§ **Record set**

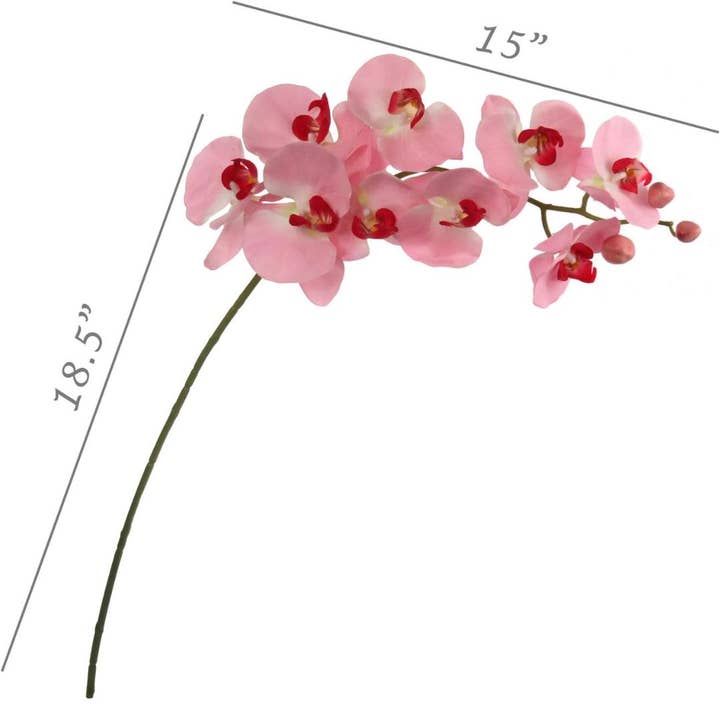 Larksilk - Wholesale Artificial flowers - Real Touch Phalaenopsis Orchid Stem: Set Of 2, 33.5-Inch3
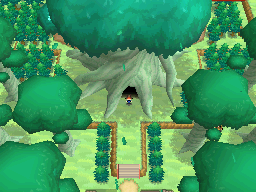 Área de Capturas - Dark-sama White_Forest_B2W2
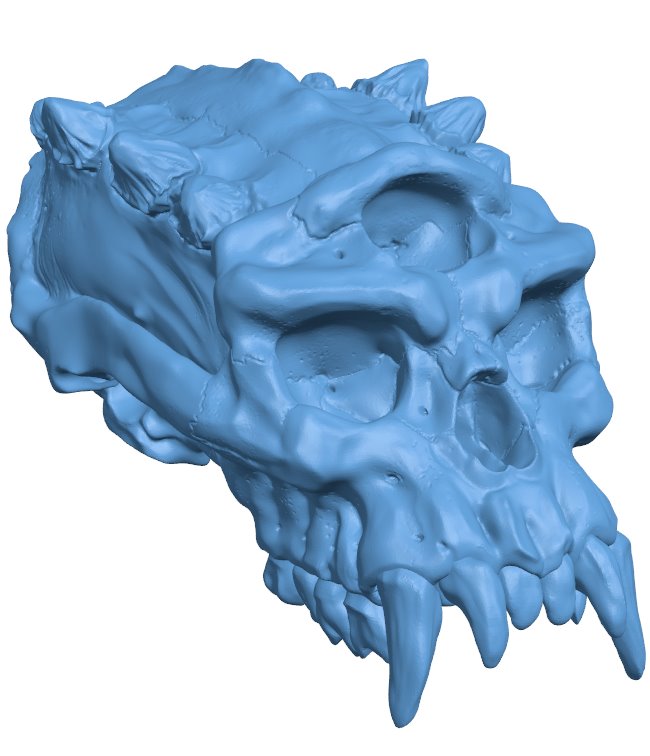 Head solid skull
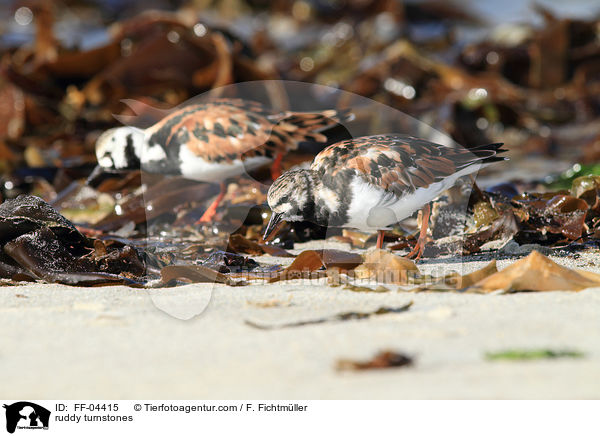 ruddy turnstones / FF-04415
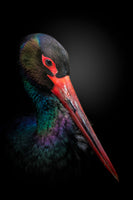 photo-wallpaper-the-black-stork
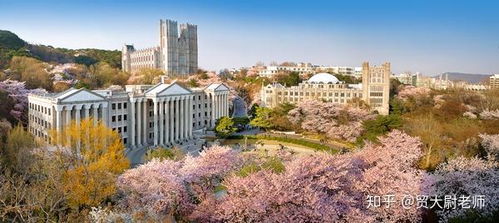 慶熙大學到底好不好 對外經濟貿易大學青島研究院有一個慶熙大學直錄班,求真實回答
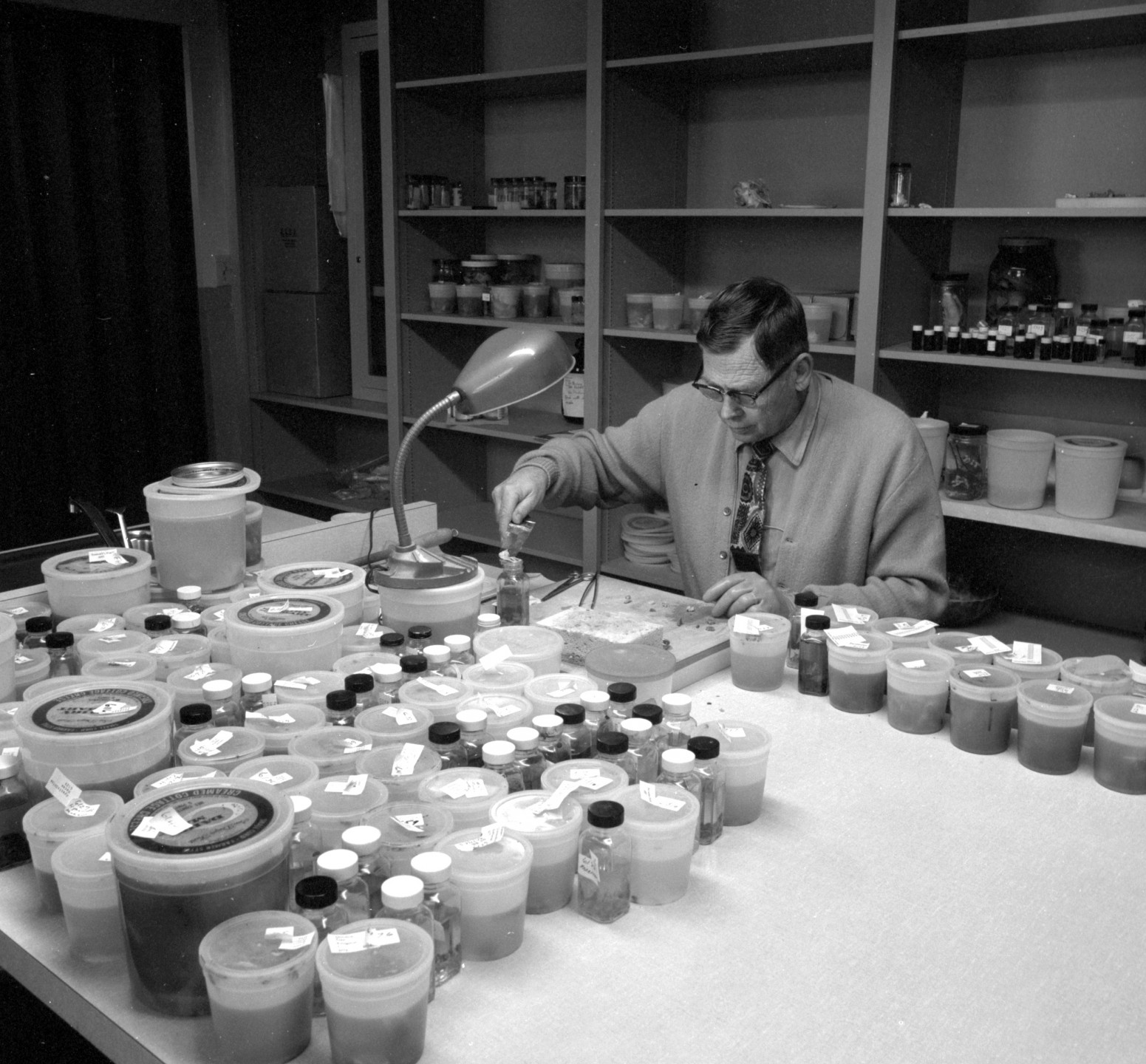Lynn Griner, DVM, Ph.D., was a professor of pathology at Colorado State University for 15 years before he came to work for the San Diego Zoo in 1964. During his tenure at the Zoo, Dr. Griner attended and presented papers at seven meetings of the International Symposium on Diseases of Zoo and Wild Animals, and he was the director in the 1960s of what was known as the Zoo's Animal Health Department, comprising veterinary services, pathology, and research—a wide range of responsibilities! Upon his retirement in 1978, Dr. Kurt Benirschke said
...
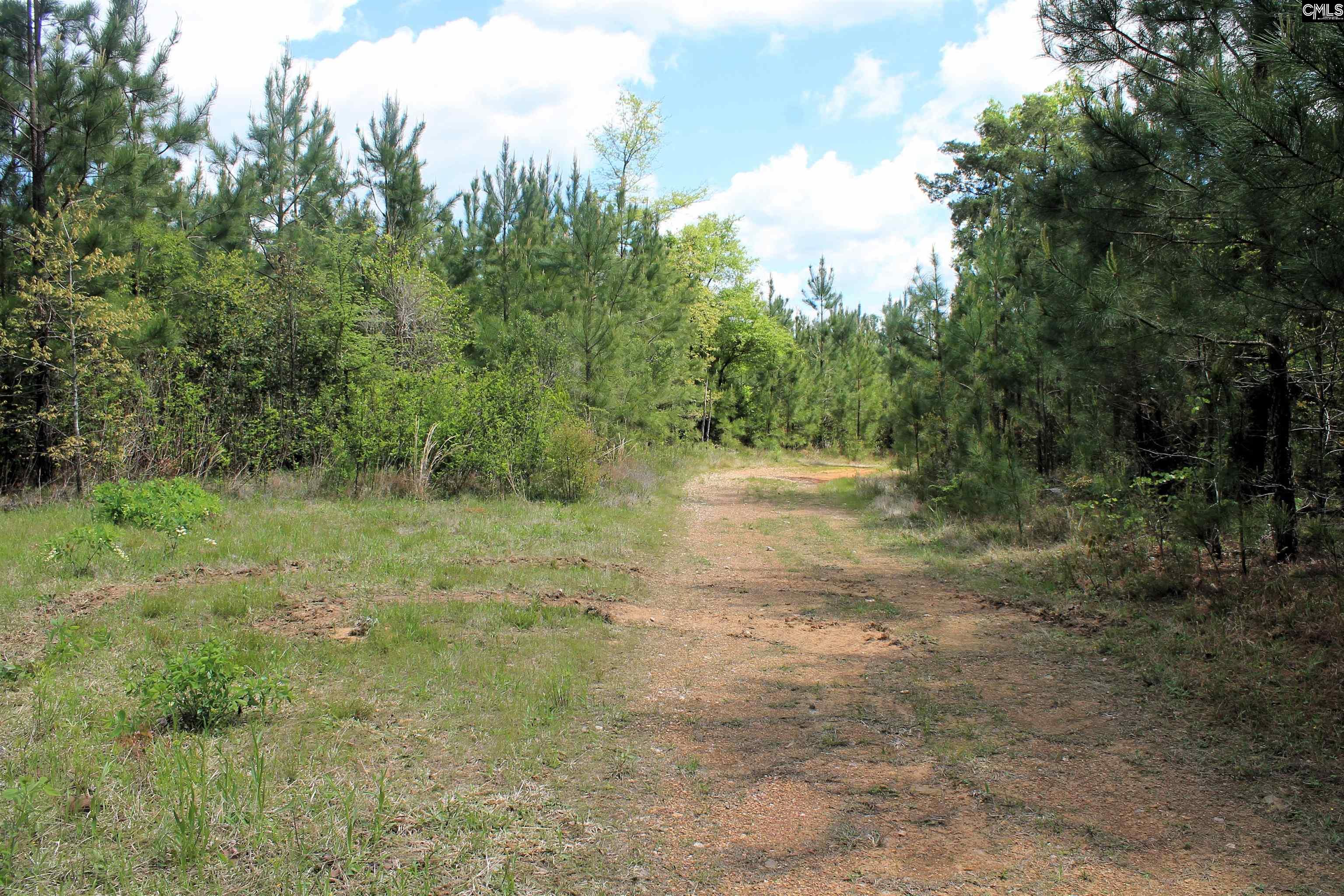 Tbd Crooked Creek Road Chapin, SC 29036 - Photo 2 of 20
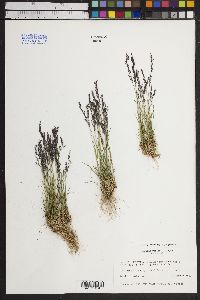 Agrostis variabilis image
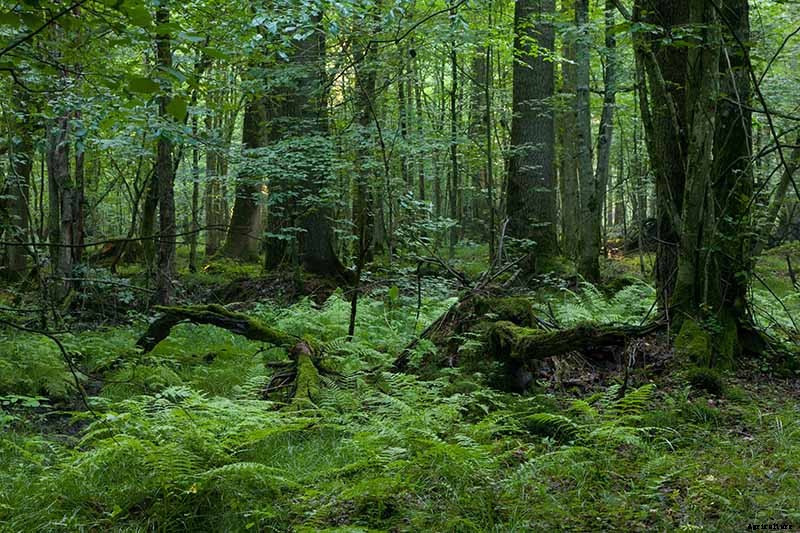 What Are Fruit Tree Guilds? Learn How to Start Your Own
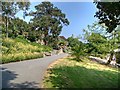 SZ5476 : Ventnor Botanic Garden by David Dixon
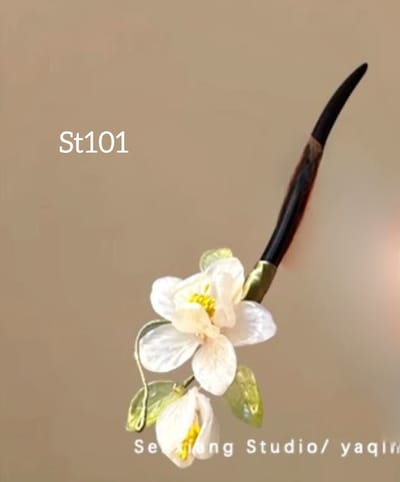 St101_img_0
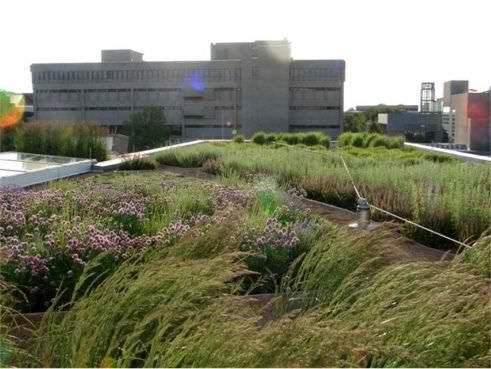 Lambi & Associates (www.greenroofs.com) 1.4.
* * *
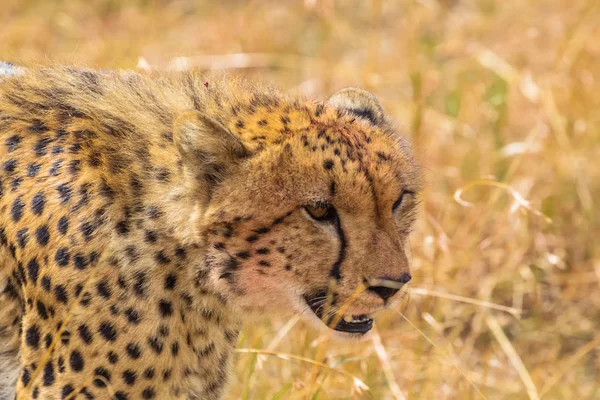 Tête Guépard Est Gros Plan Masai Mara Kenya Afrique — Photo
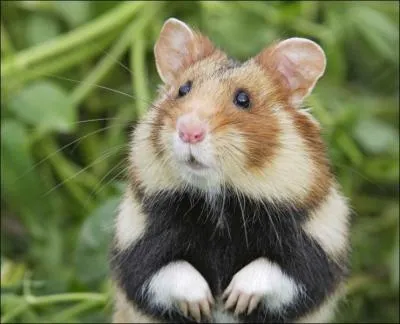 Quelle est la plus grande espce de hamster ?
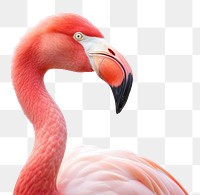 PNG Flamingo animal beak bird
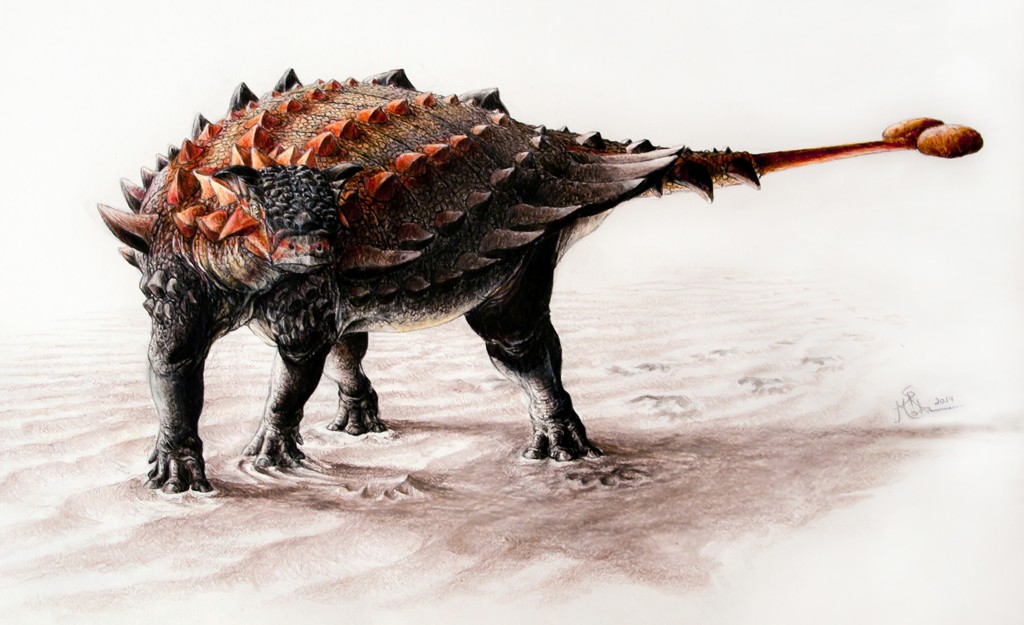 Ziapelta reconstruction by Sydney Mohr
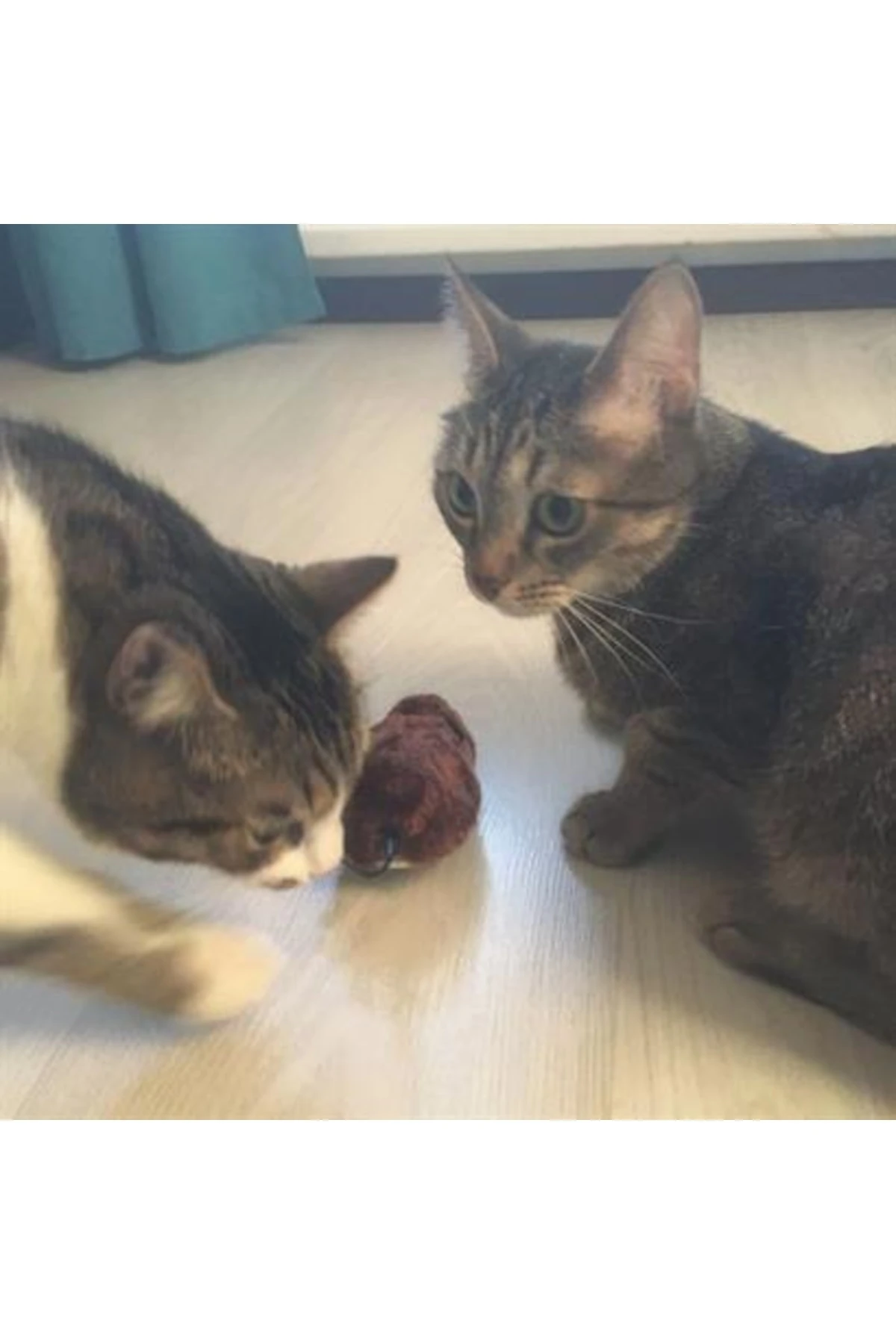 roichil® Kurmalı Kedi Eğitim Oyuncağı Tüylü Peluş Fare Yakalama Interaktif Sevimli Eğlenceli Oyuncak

§ **Instructions for the task**
Lines wanted from the entries above: the one with "Tbd Crooked Creek", the one with "Lambi & Associates (www.greenroofs.com) 1.4.", and all lines between. Please copy them exactly, without the pictures and without anything else.

§ **Response to the exercise**
 Tbd Crooked Creek Road Chapin, SC 29036 - Photo 2 of 20
 Agrostis variabilis image
 What Are Fruit Tree Guilds? Learn How to Start Your Own
 SZ5476 : Ventnor Botanic Garden by David Dixon
 St101_img_0
 Lambi & Associates (www.greenroofs.com) 1.4.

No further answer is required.